Work request — The entire listing that follows must be repeated exactly, pictures excluded.

(Dataset section)

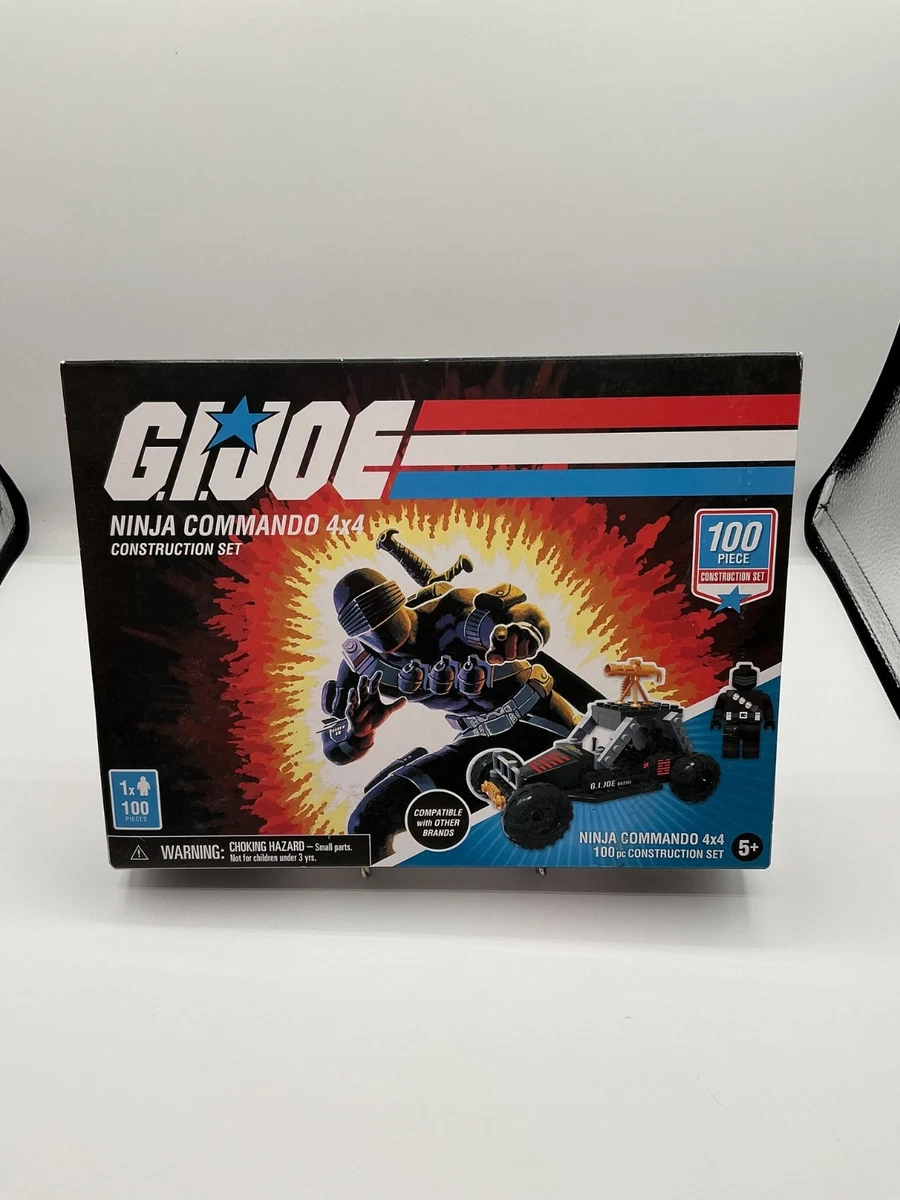 G.I. Joe Set Di Costruzioni Tomahawk Elicottero – 205 Pezzi Con 3 Minifigure (Lifeline, Roadblock, Lift Ticket) – Compatibile Mattoncini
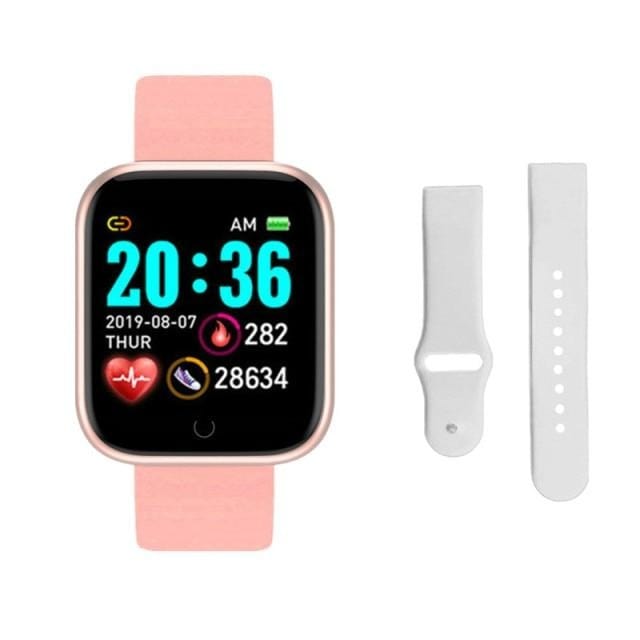 Y68 Smartwatch Women Men Sport Bluetooth Smart Band Heart Rate Monitor Blood Pressure Fitness Tracker Bracelet for Android IOS - east2cart.uk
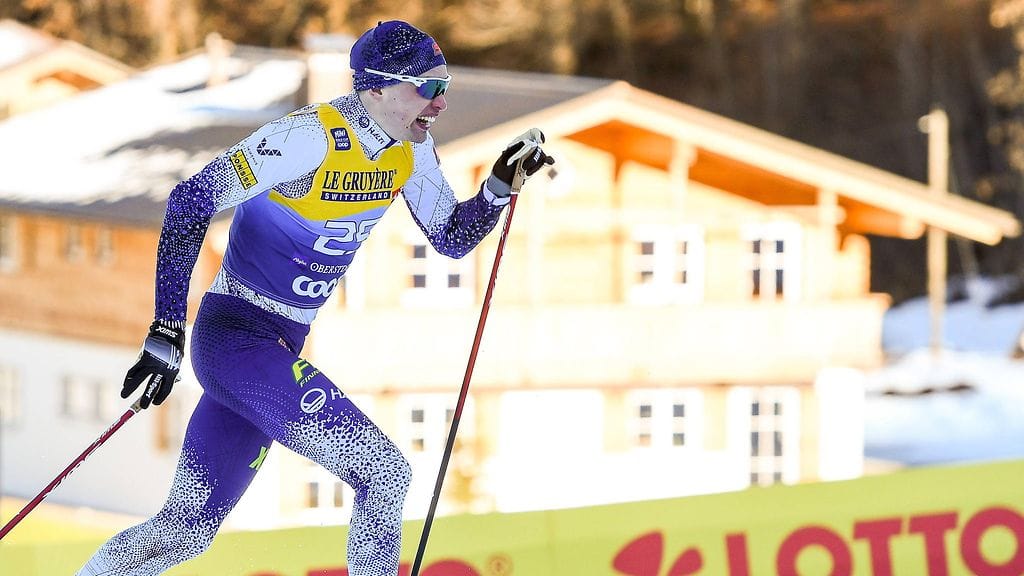 Iivo Niskanen teki suurimman nousunsa alkukilometreillä.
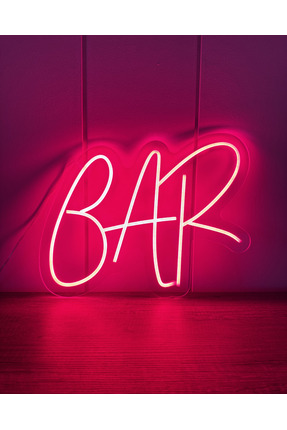 Poznan Lighting Bar Yazılı Neon Tabela LED Işıklı Kafe Bar Pub Duvar Dekoru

(End Dataset section)

Result —
 G.I. Joe Set Di Costruzioni Tomahawk Elicottero – 205 Pezzi Con 3 Minifigure (Lifeline, Roadblock, Lift Ticket) – Compatibile Mattoncini
 Y68 Smartwatch Women Men Sport Bluetooth Smart Band Heart Rate Monitor Blood Pressure Fitness Tracker Bracelet for Android IOS - east2cart.uk
 Iivo Niskanen teki suurimman nousunsa alkukilometreillä.
 Poznan Lighting Bar Yazılı Neon Tabela LED Işıklı Kafe Bar Pub Duvar Dekoru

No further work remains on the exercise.